Join Scott Stevens as he travels Nicaragua by horseback and explores off-the-beaten-path rural communities to see the country from a cowboy’s perspective. Chapter 1: a bottle of rum, a saddle and a plan

It all started over a couple of beers on a random Tuesday night. Well, more than a couple. There may also have been about a half a bottle of rum involved, according to the bar tab.

You see, I was sitting around with Tim Rogers, editor and creator of the Nicaragua Dispatch, at a bar called Nectar on the Calle La Calzada in Granada, Nicaragua. We were discussing Nicaragua, travel, writing, our old mutual friend Jeff Giles, and whatever other topics came to mind as the drinks flowed. 

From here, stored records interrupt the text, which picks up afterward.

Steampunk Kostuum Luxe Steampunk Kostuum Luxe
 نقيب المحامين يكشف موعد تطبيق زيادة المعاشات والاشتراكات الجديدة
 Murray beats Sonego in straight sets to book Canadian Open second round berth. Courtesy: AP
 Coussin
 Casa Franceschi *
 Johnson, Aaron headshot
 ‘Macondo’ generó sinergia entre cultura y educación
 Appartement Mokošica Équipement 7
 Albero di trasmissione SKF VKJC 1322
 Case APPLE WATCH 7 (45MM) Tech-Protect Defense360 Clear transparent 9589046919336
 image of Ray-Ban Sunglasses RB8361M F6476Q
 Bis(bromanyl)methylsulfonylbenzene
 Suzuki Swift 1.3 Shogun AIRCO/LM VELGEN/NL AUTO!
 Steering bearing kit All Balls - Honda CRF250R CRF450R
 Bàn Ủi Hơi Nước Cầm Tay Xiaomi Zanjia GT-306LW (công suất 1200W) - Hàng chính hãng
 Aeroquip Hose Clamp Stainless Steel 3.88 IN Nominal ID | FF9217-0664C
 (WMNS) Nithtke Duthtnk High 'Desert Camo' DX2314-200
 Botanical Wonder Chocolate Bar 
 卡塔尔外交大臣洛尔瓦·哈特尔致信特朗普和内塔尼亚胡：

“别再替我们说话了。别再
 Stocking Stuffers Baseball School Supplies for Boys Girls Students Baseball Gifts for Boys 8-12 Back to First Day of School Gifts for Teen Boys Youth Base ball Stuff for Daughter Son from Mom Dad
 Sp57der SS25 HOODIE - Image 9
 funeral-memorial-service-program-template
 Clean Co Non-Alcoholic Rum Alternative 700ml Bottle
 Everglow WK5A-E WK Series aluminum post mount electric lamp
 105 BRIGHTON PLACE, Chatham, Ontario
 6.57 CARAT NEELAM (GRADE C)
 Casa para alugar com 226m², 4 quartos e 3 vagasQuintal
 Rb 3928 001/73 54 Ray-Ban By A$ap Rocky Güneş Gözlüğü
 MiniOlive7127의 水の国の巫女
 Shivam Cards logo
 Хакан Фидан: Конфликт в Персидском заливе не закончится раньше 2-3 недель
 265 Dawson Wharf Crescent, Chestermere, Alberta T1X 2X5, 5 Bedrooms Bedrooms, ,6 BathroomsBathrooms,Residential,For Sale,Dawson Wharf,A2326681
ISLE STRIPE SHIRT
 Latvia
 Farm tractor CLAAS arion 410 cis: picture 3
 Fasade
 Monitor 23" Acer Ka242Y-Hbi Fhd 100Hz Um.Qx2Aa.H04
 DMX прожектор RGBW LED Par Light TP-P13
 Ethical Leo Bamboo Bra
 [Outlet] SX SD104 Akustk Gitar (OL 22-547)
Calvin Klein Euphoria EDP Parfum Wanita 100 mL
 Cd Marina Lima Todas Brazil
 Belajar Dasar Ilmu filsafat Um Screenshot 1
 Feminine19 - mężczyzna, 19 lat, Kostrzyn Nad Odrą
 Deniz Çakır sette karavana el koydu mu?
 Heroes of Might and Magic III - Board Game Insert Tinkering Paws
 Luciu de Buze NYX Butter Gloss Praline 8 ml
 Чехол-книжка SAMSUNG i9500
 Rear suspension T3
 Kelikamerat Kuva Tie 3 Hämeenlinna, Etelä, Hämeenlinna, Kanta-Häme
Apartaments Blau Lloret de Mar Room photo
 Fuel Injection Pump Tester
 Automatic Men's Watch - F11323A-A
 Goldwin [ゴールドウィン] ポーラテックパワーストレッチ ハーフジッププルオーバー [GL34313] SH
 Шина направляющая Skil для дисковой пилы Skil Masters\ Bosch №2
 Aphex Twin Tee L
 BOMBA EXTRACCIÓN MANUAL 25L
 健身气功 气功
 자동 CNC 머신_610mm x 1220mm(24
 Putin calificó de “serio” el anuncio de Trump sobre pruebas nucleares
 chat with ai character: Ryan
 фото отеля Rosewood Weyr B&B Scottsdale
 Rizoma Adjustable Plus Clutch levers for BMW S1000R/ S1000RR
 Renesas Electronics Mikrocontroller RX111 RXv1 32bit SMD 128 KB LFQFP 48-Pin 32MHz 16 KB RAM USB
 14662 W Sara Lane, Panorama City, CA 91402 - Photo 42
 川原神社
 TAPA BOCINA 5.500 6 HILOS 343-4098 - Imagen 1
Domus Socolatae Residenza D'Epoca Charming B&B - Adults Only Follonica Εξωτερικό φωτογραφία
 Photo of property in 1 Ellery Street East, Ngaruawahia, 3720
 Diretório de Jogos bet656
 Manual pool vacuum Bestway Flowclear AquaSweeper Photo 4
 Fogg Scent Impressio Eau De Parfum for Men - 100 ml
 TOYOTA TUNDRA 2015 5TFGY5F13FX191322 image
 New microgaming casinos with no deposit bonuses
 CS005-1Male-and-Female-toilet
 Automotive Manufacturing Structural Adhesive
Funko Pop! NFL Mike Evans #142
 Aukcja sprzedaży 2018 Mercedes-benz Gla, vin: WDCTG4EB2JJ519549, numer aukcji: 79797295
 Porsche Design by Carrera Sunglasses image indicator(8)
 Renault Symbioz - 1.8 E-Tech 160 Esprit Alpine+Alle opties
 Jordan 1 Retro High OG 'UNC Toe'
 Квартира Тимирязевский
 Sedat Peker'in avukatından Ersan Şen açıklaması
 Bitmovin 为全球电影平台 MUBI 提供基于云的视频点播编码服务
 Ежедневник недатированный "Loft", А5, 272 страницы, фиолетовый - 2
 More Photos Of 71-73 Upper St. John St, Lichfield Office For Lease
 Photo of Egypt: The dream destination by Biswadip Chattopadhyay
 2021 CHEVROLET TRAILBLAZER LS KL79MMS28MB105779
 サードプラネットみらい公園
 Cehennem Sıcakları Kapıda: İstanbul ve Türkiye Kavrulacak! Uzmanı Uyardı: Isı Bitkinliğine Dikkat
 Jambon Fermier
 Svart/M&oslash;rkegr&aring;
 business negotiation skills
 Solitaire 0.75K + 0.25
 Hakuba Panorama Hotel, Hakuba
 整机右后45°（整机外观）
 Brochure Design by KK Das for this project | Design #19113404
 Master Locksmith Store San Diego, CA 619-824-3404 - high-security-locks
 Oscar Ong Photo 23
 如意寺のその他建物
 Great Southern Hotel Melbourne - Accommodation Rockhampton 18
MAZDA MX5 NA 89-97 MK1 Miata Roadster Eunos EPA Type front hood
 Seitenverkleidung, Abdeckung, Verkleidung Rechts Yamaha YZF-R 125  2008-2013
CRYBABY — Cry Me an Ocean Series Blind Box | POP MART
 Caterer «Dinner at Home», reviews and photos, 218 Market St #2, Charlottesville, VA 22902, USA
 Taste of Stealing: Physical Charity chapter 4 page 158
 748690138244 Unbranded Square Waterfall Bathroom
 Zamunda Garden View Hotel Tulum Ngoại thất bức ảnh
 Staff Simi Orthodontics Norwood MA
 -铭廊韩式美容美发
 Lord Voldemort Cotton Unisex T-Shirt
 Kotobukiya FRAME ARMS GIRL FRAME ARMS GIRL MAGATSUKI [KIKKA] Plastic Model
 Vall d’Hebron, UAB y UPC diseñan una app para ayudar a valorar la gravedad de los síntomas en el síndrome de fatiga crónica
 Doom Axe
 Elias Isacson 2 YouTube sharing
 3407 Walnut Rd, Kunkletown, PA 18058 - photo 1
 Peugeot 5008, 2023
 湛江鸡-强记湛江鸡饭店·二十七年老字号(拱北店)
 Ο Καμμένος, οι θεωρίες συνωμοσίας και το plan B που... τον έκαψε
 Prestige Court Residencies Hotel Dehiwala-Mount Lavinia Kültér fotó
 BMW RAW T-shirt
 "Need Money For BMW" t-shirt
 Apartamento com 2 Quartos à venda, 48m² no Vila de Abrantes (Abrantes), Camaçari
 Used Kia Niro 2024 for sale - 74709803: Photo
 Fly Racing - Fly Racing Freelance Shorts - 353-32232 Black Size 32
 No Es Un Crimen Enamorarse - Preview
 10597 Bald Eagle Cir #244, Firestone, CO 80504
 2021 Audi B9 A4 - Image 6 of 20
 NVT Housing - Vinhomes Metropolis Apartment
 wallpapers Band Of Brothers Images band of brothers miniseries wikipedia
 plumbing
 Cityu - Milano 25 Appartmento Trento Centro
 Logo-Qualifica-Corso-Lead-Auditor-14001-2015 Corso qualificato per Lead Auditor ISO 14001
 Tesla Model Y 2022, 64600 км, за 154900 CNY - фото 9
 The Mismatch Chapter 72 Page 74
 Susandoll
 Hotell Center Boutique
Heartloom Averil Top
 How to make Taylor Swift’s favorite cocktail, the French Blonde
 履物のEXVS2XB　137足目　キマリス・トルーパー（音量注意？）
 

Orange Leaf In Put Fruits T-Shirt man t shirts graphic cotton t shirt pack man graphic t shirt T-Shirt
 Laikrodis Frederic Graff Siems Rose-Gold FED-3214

It was then that I decided to run an idea by him that I had had for a long time. You see, I’ve been toying around with writing for a couple of years now on my own little website, but I’ve always had this idea burning in the back of my head for a book. So I decided to run it by Tim. I trusted his opinion enough by now for him tell me if I was an idiot or not. I had run my idea by a few other people recently and they told me I was either “stupid,” “insane,” “crazy,” “unrealistic,” or, at best, “eccentric.”

Maybe I’m just sensitive, but sometimes I get the sensation that if you go and do the things that interest you—things that stray a bit from the tried and tested path—you get regarded with some skepticism. However, at the same time, I’ve found that people’s reaction to your crazier ideas is a great litmus test for who you want around you.

I’ve always had the good fortune to have some good people around me, so I turned to Tim, narrowed my eyes to try to focus through the rum, and said, “I’ve got an idea for a story. I think it might be pretty interesting.”

Now when Tim gets serious about listening, and he is always serious when it comes to a story over rum, he tilts his head down, shuts his mouth real tight, and looks you dead in the eye through his eyebrows. “Shoot.”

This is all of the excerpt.